▶ _TASK GOAL_
The reply should contain every line of the data, repeated exactly, and no pictures.

▶ _EXCERPTED DATA_
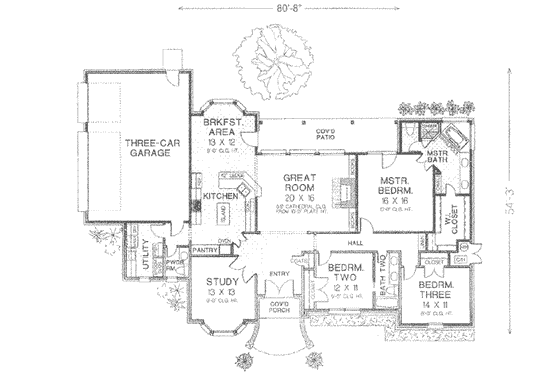 Floor Plan - Main Floor for Traditional House Plan #310-361 - 3 bed, 2.5 bath
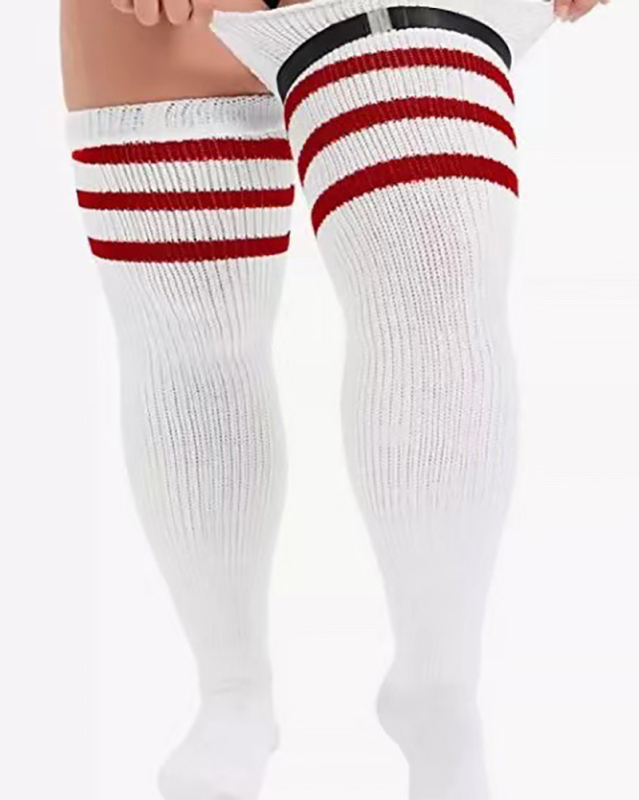 Multicoloured Plus Size Knit Buckle Thigh High Socks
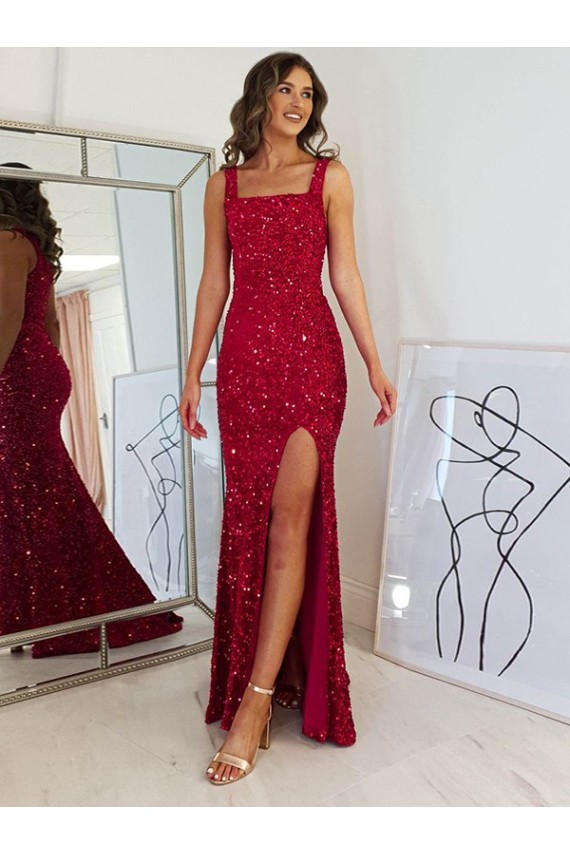 Sleeveless Square Neck Velvet Sequin Burgundy Long Evening Dress Canada for Sale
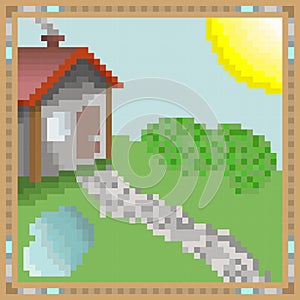 A pixel landscape,a pixel art for game.Poster design for print.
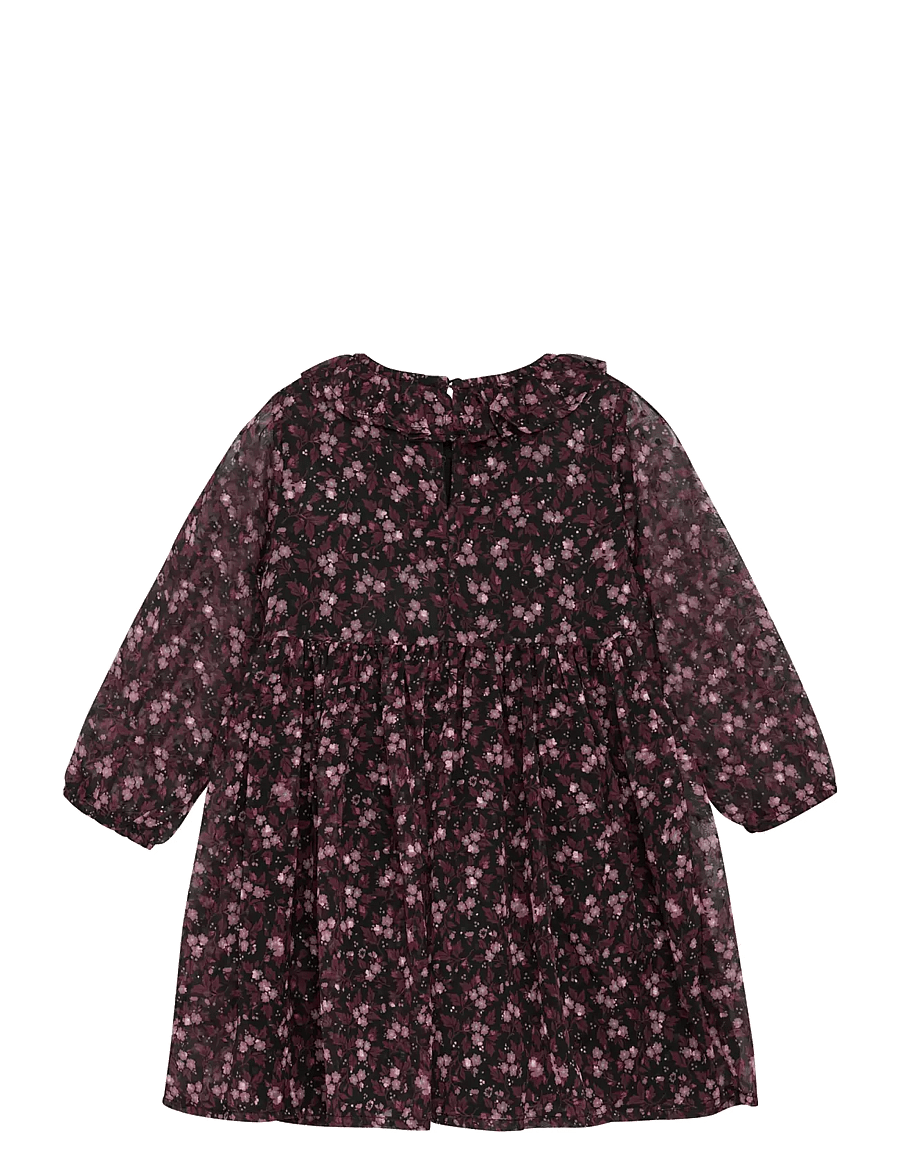 Creamie - Dress Flower Dobby - langerma hversdagskjólar - black - 1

▶ _THE COMPLETED TASK_
 Floor Plan - Main Floor for Traditional House Plan #310-361 - 3 bed, 2.5 bath
 Multicoloured Plus Size Knit Buckle Thigh High Socks
 Sleeveless Square Neck Velvet Sequin Burgundy Long Evening Dress Canada for Sale
 A pixel landscape,a pixel art for game.Poster design for print.
 Creamie - Dress Flower Dobby - langerma hversdagskjólar - black - 1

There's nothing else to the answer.